Usulden, âdettendir. Yeni çıkan dergilerin künyesine merak ile bakılır. Kim bu yeni fedakârlar? Hangi kültür bekçilerimiz vitrinlere yerleşivermiş? “Kendimizi bu yola adadık?” diyen serdengeçtileri, cengâverleri tanımalı. Merhum Asım Gültekin, boşuna “Dergin mi var, derdin var.” demiyordu. Ama nasıl bir dert, dermanın fevkinde bir ‘mukaddes yük. ’İsimler aşina Cengiz Çelebi Açık Deniz’in sahibi, Metin Karabaşoğlu Genel Yayın Yönetmeni, Ümit Şimşek Yayın Danışmanı. Eh bunlar bana yetiyor. Sıcacık bir güven ve itimat hissi kaplıyor içimi. Demek ki, düşünen ve düşündüren bir ekip var işin başında. Editör ‘hoşamedi’ ile karşılıyor bizi. Selamı, derya-deniz üstüne. Balıkçılar av mevsimine, “Vira Bismillah” diye başlamaz mı? Mihmandarımız da “Bismillah her hayrın başıdır.” dedikten sonra kelam ediyor: “Deniz kelimesi zihnimize ne zaman gelse bir ferahlık kaplar içimizi. Deniz, görene de, hatırlayana da enginlerle beraber dinginlik verir. Açık denizde bundan daha da fazlası vardır. Yeni ufuklara yepyeni keşiflere açılmak anlamına gelir açık denizlere doğru yola çıkmak. Böylesi bir yolculukta özgürlüğün, arayışın umudun, gayretin eseri vardır.” Arife tarif gereksiz! Niyetin esası, maksadın alası, sözün hası burada!

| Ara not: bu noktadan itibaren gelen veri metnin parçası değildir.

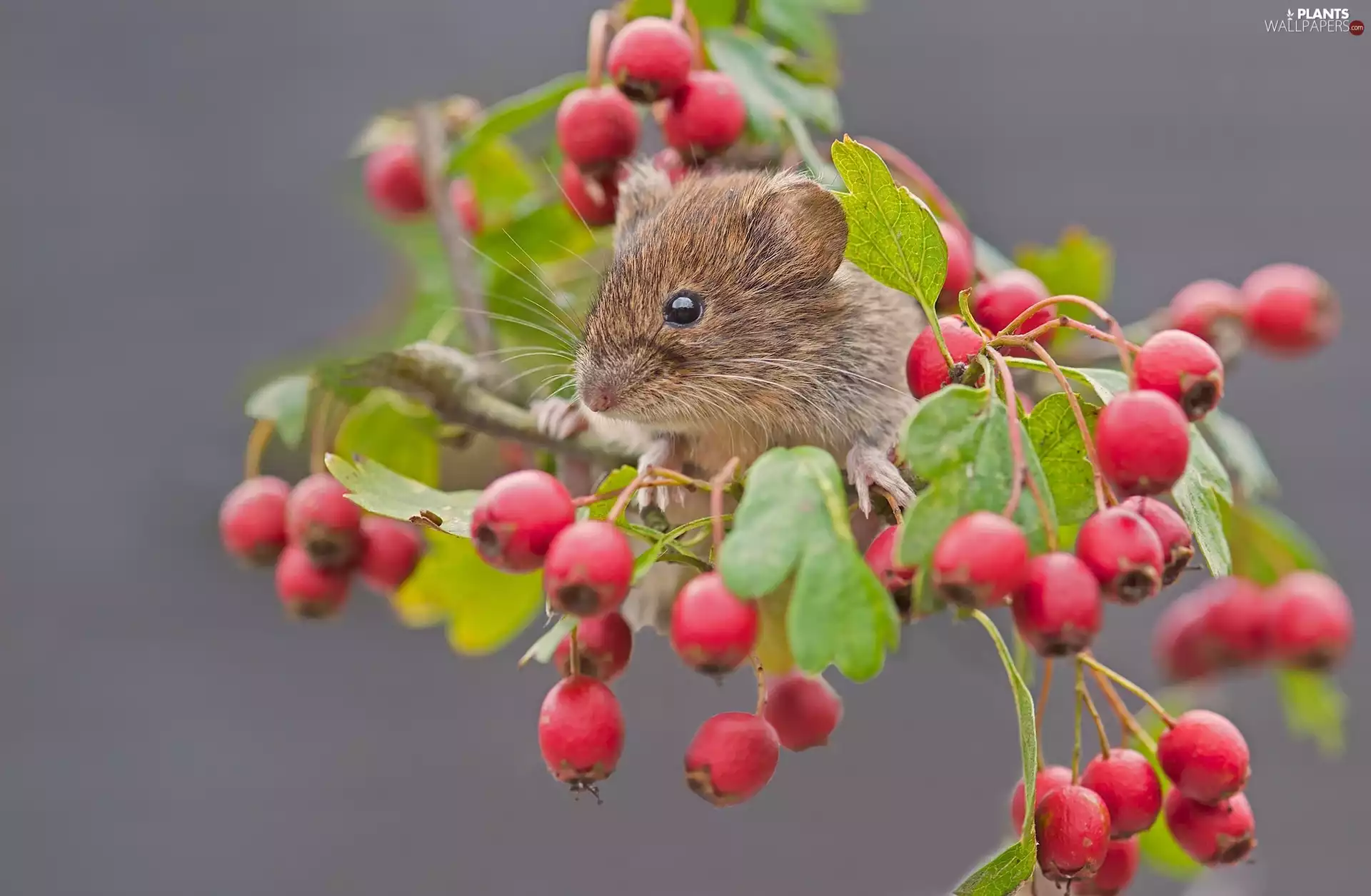 mouse, Wild, rose, plant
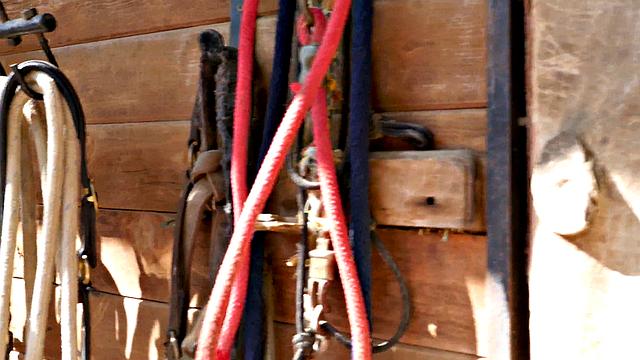 Lisa Ann & Brett Rossi Threeway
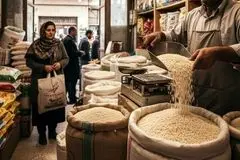 راهنمای خرید برنج؛ قیمت انواع برنج ایرانی و خارجی در پاییز ۱۴۰۴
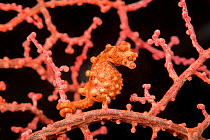 Pygmy seahorse (Hippocampus bargibanti) Philippines.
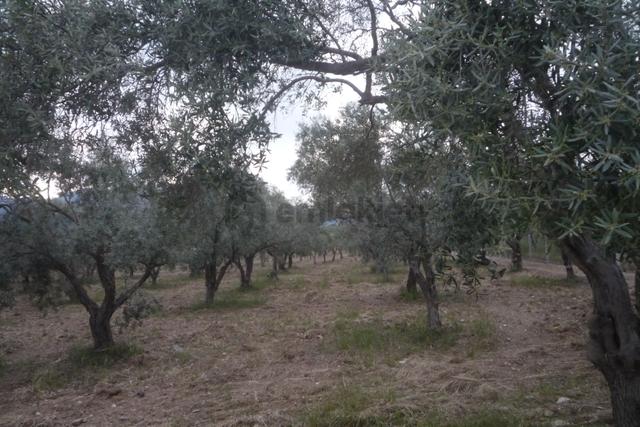 İzmir Torbalı Gold Emlaktan Satılık Zeytin Bahçesi 4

Sayfaları çeviriyorum. Fikrin vüsati, ilmin derinliği göz kamaştırıcı. Hayati meselelere vukufiyetle bakan kalem erbabının ihatalı yaklaşımı dikkat çekiyor. Ele alınan konular mühim, araştırma yazıları derin, kullanılan resimler iyi. Röportajlar kuşatıcı ve kucaklayıcı. Bazıları Açık Deniz’i, daha önce çıkmış dergilere benzetebilir ama ben özgün bir mecmua olarak gördüm. Her dergi uzaklara nida, insanlara muştu, geleceğe sesleniştir. Duyan da olacak bu sadayı, işitmek istemeyen de. Ne gam! En azından bir sayısını alıp okumanızı ve karar vermenizi isterim aziz okuyucu. Bir fikir sofrasına, bir sanat ve irfan şölenine davet edildiğinizi göreceksiniz. Hayırlı ve uğurlu olmasını dilediğim Açık Deniz’in yolu ve bahtı açık olsun. Dergiye emek verenlerin, alın teri akıtanların, göz nuru dökenlerin ömrüne bin bereket! Rahmetli şairimizin mısralarıyla başlamıştık, yine aynı muhteşem şiirin son mısralarıyla yazımıza nihayet verelim: “Rûhunla karşı karşıya kaldım o med günü. / Şekvânı dinledim, ezelî muztarip deniz! / Duydum ki ruhumuzla bu gurbette sendeniz. / Dindirmez anladım bunu hiçbir güzel kıyı; / Bir bitmiyen susuzluğa benzer bu ağrıyı.”